[Opening Dataset excerpt section]

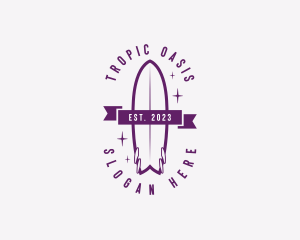 Beach Tropical Surfboard  logo design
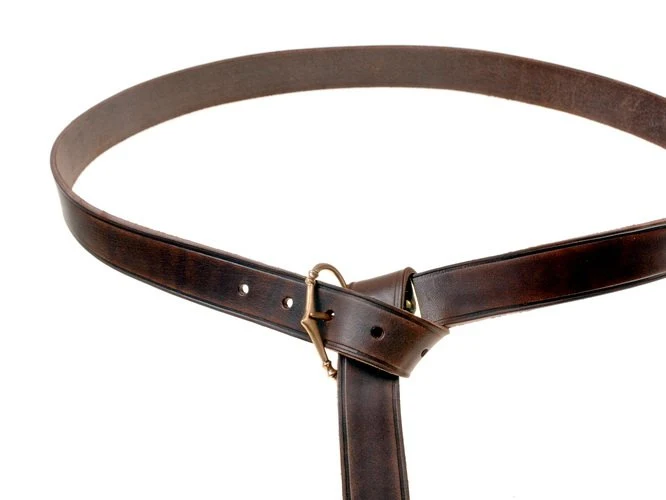 Middeleeuwse riem met opgeklonken bronzen gesp, zwart leer - Image 5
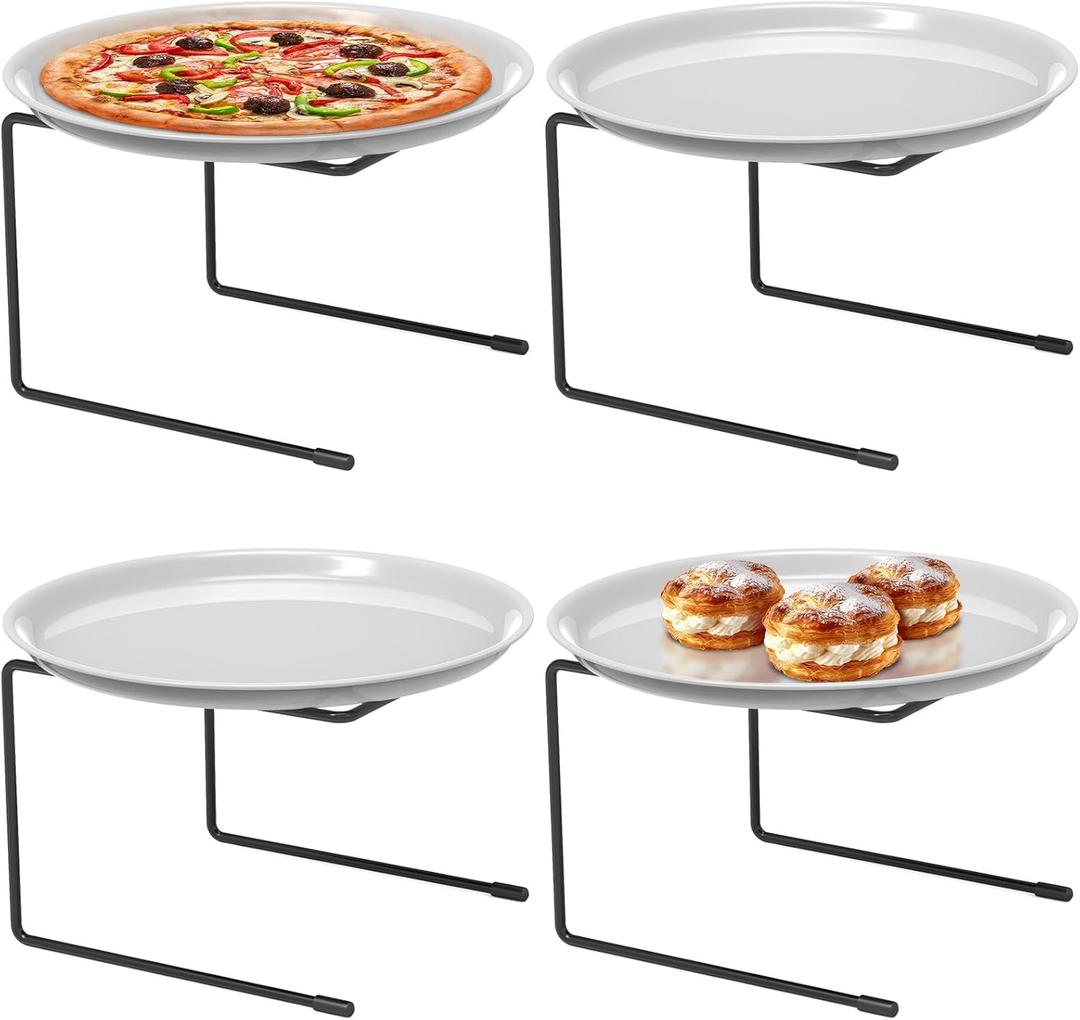 4 PCS Black Metal Pizza Table Stands,Pizza Rack Stand For Tables,Restaurant,Pizza Holder Stands For Serving,Pizza Pan Riser Food Platter Tray and Display Rack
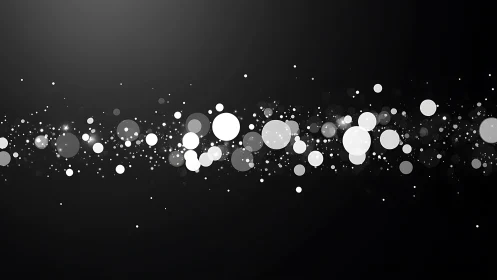 Monochrome bokeh particle stream on dark gradient field.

[Closing Dataset excerpt section]

> _Exercise brief_: Through the line containing "Middeleeuwse riem met" and no further, restate the data above word for word from its first line, leaving out pictures.

> _Written answer_:
 Beach Tropical Surfboard  logo design
 Middeleeuwse riem met opgeklonken bronzen gesp, zwart leer - Image 5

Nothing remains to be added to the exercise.